BRIEF: Repeat the entries below exactly as they appear, with no pictures.

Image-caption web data
##########
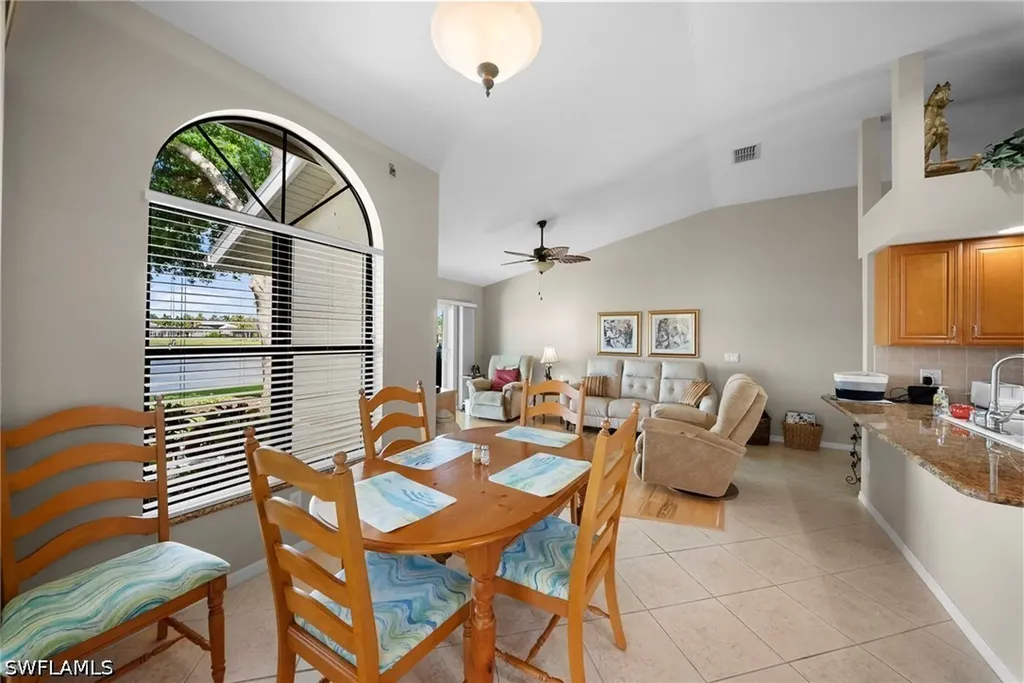 22361 Fountain Lakes Boulevard Estero FL 33928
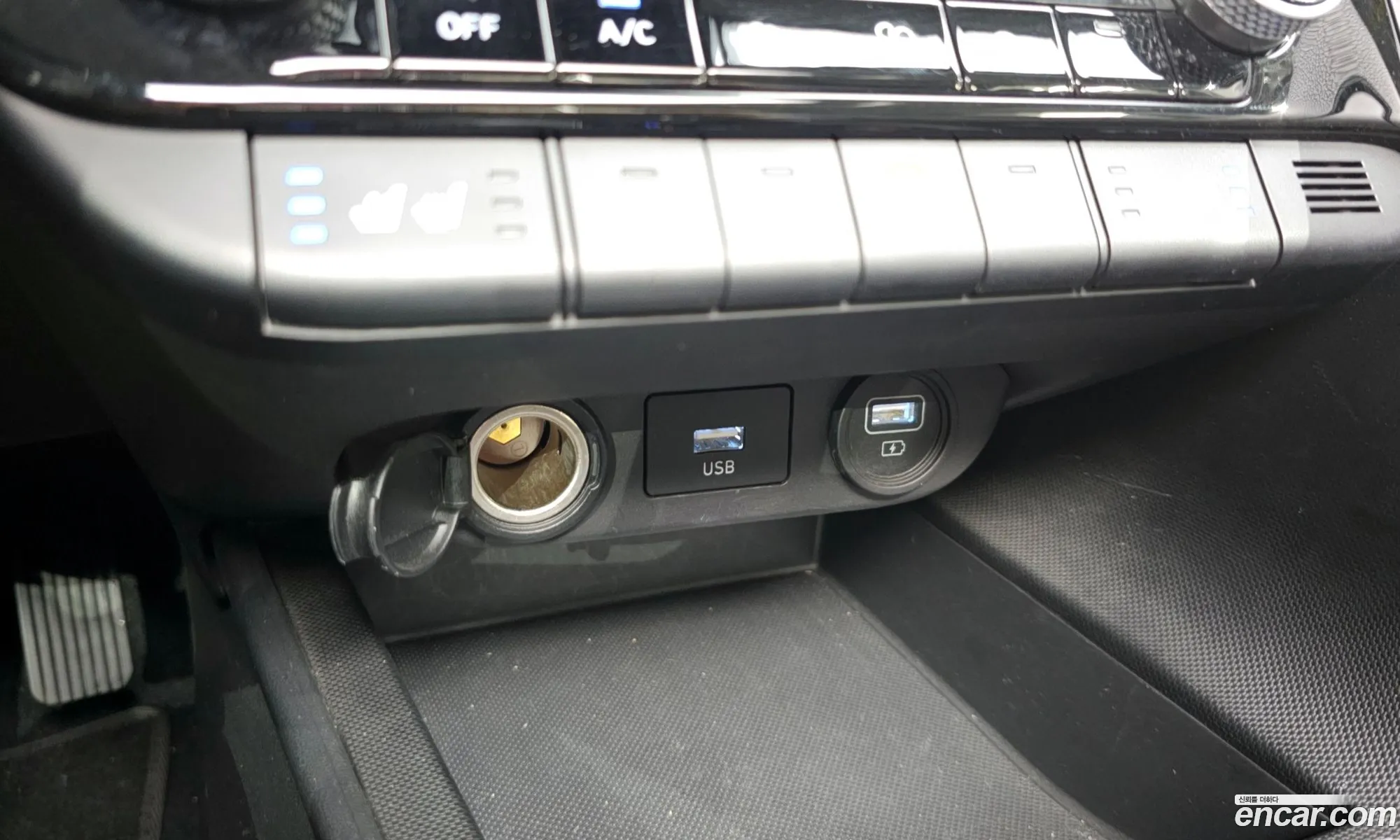 Hyundai Elantra 2020 — 19
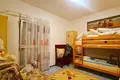 Квартира 4 спальни 103 м² Петровац, Черногория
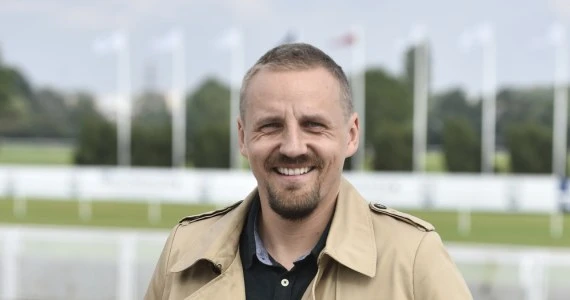 Wirtualny Festiwal Niepodległa w Interii: Kto wystąpi? [PROGRAM, TRANSMISJA]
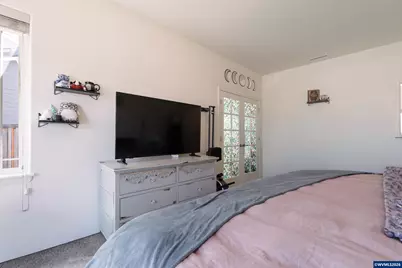 993 Winfield St, Gervais, OR 97026 - Photo 7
##########
RESPONSE BOX:
 22361 Fountain Lakes Boulevard Estero FL 33928
 Hyundai Elantra 2020 — 19
 Квартира 4 спальни 103 м² Петровац, Черногория
 Wirtualny Festiwal Niepodległa w Interii: Kto wystąpi? [PROGRAM, TRANSMISJA]
 993 Winfield St, Gervais, OR 97026 - Photo 7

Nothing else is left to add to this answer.